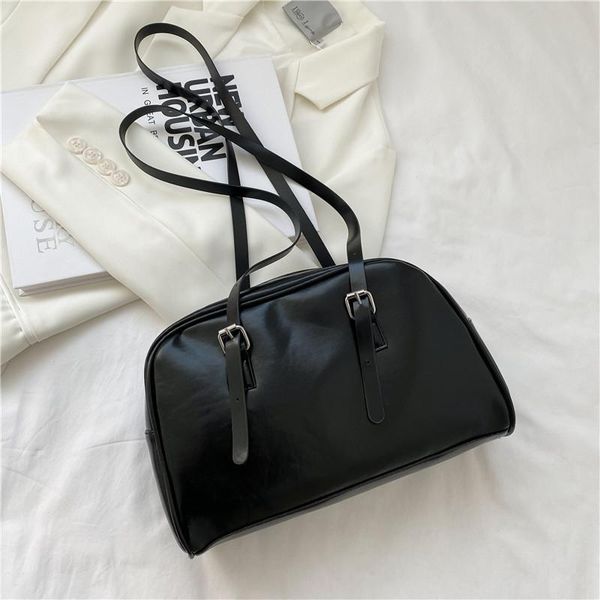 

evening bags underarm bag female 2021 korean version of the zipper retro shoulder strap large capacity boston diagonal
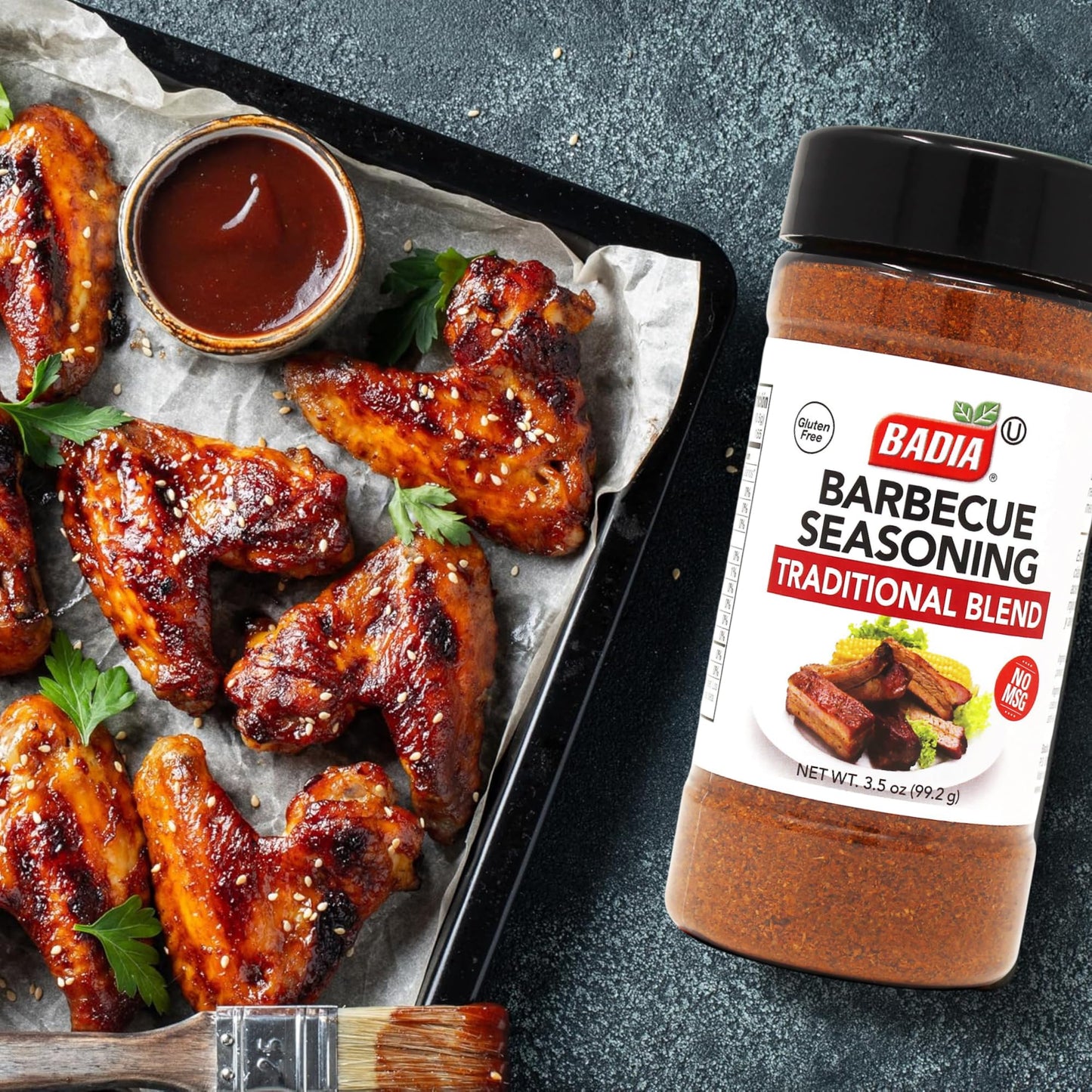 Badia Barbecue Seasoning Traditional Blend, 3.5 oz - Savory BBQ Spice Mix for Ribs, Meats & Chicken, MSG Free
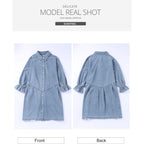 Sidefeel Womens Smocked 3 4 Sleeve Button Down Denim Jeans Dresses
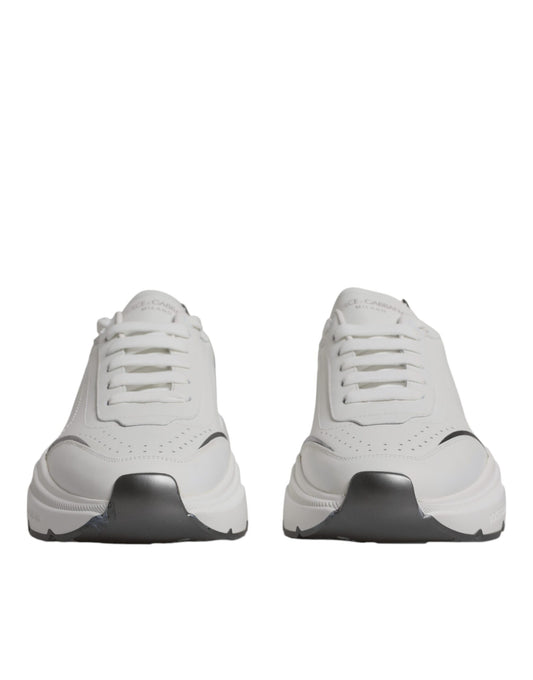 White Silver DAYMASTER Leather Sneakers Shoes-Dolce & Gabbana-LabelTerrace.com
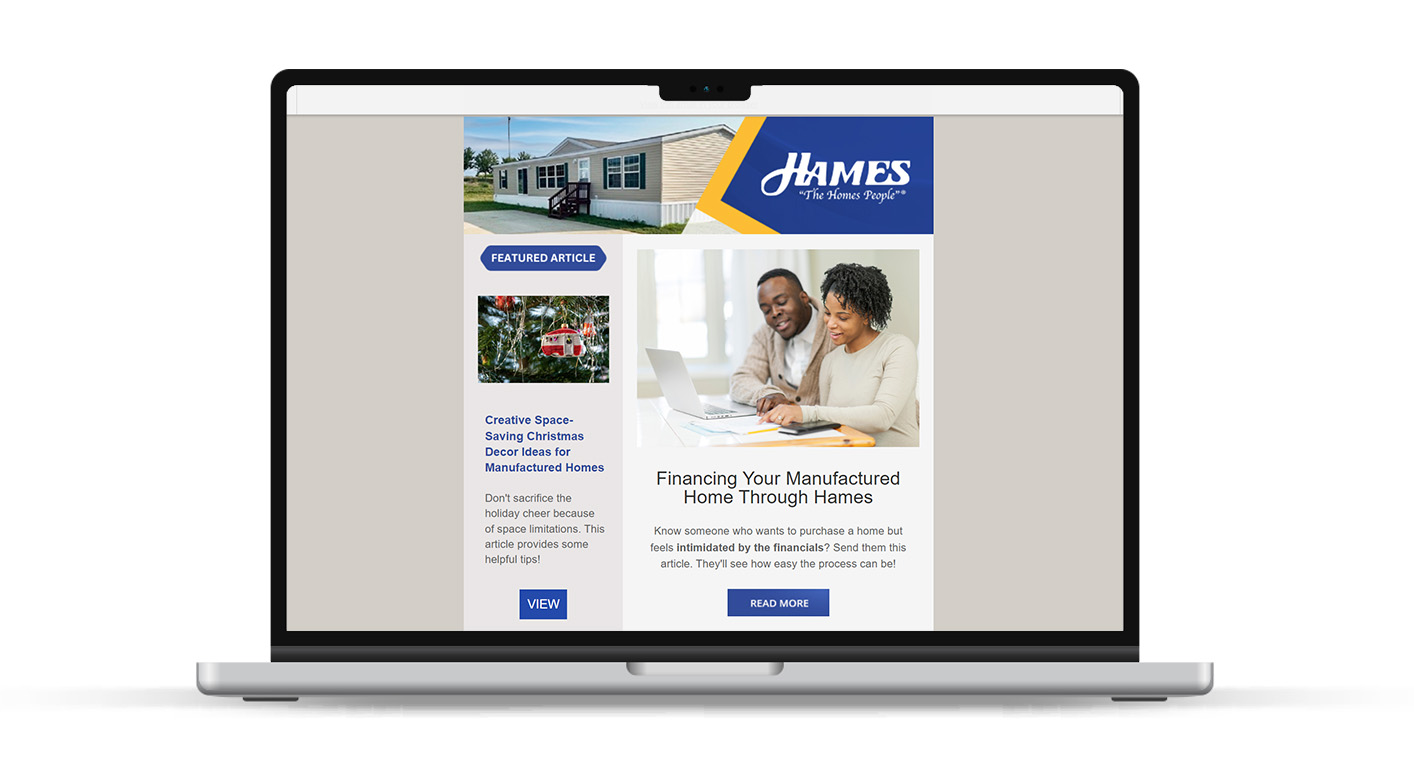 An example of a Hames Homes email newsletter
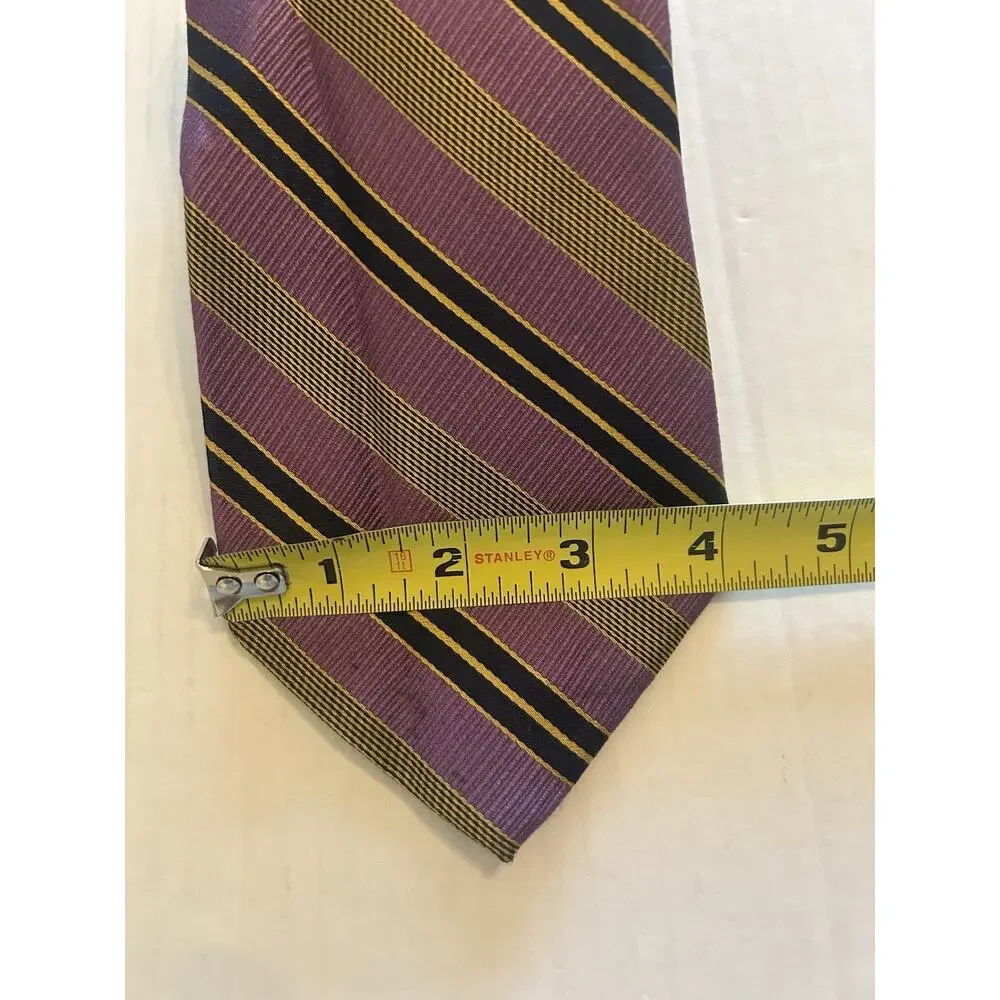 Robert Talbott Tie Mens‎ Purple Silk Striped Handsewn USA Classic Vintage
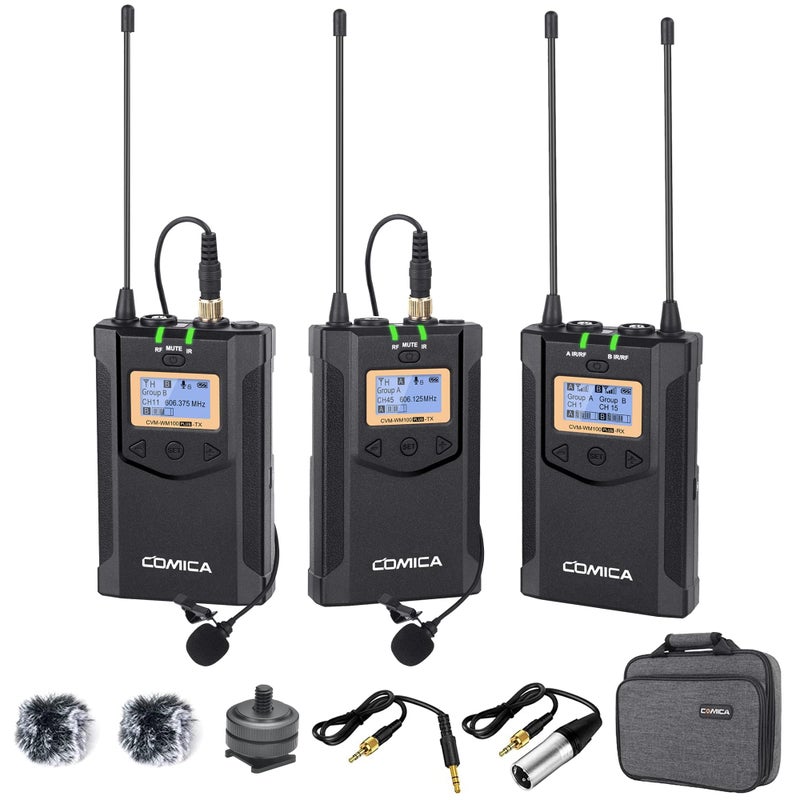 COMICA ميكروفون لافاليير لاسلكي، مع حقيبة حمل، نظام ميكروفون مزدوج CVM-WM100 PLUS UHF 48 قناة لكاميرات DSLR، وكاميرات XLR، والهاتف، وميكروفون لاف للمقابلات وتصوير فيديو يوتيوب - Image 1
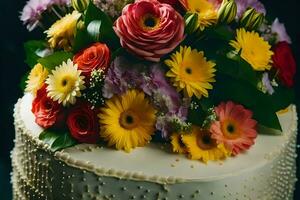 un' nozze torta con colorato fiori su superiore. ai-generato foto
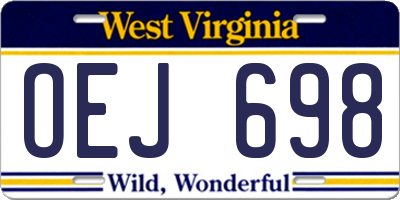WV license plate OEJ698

____

### EXERCISE PROMPT
Please give back an exact copy of the entries above from their first line through the line containing "Robert Talbott Tie", leaving the pictures aside.

### PROBLEM SOLUTION
evening bags underarm bag female 2021 korean version of the zipper retro shoulder strap large capacity boston diagonal
 Badia Barbecue Seasoning Traditional Blend, 3.5 oz - Savory BBQ Spice Mix for Ribs, Meats & Chicken, MSG Free
 Sidefeel Womens Smocked 3 4 Sleeve Button Down Denim Jeans Dresses
 White Silver DAYMASTER Leather Sneakers Shoes-Dolce & Gabbana-LabelTerrace.com
 An example of a Hames Homes email newsletter
 Robert Talbott Tie Mens‎ Purple Silk Striped Handsewn USA Classic Vintage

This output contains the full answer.